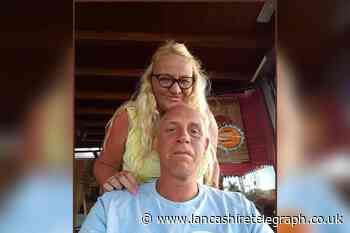 Tribute to Blackpool’s Tony Johnson who died after pub fight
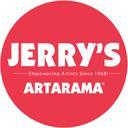 jerry's artarama logo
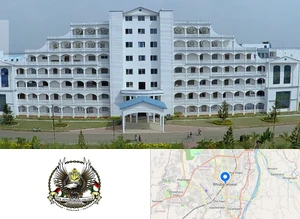 GITA - Gandhi Institute for Technological Advancement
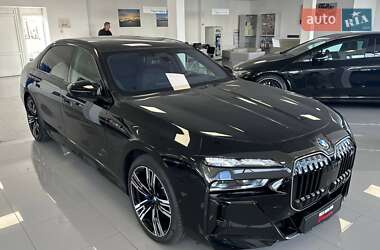 Седан BMW 7 Series 2023 в Киеве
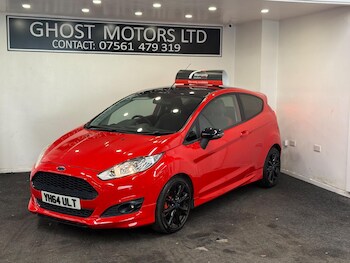 Used Ford Fiesta 2014 for sale - 77925054: Photo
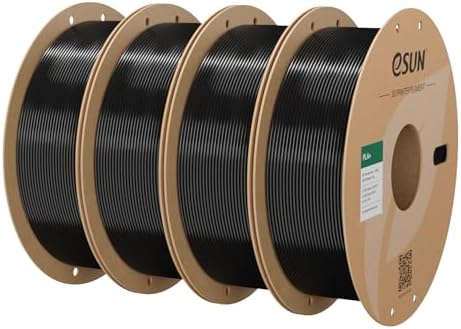 eSUN PLA Plus Black 4.00kg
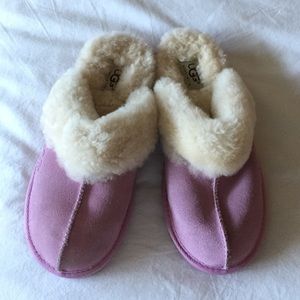 UGG slippers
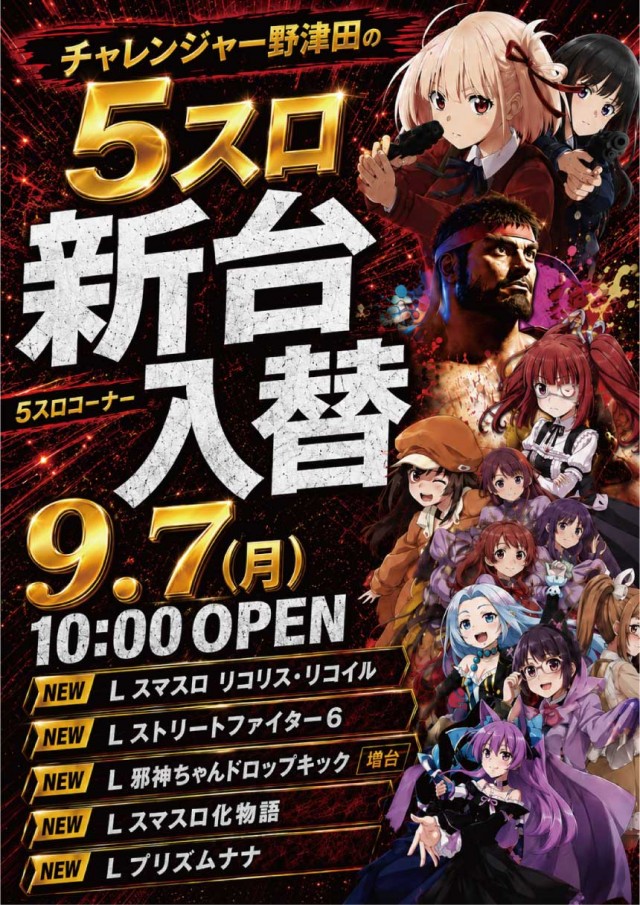 チャレンジャー町田野津田の最新情報画像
* * * * * * * * *
**What is required**. Omit the pictures; print the records above exactly.

**Task answer**.
 Tribute to Blackpool’s Tony Johnson who died after pub fight
 jerry's artarama logo
 GITA - Gandhi Institute for Technological Advancement
 Седан BMW 7 Series 2023 в Киеве
 Used Ford Fiesta 2014 for sale - 77925054: Photo
 eSUN PLA Plus Black 4.00kg
 UGG slippers
 チャレンジャー町田野津田の最新情報画像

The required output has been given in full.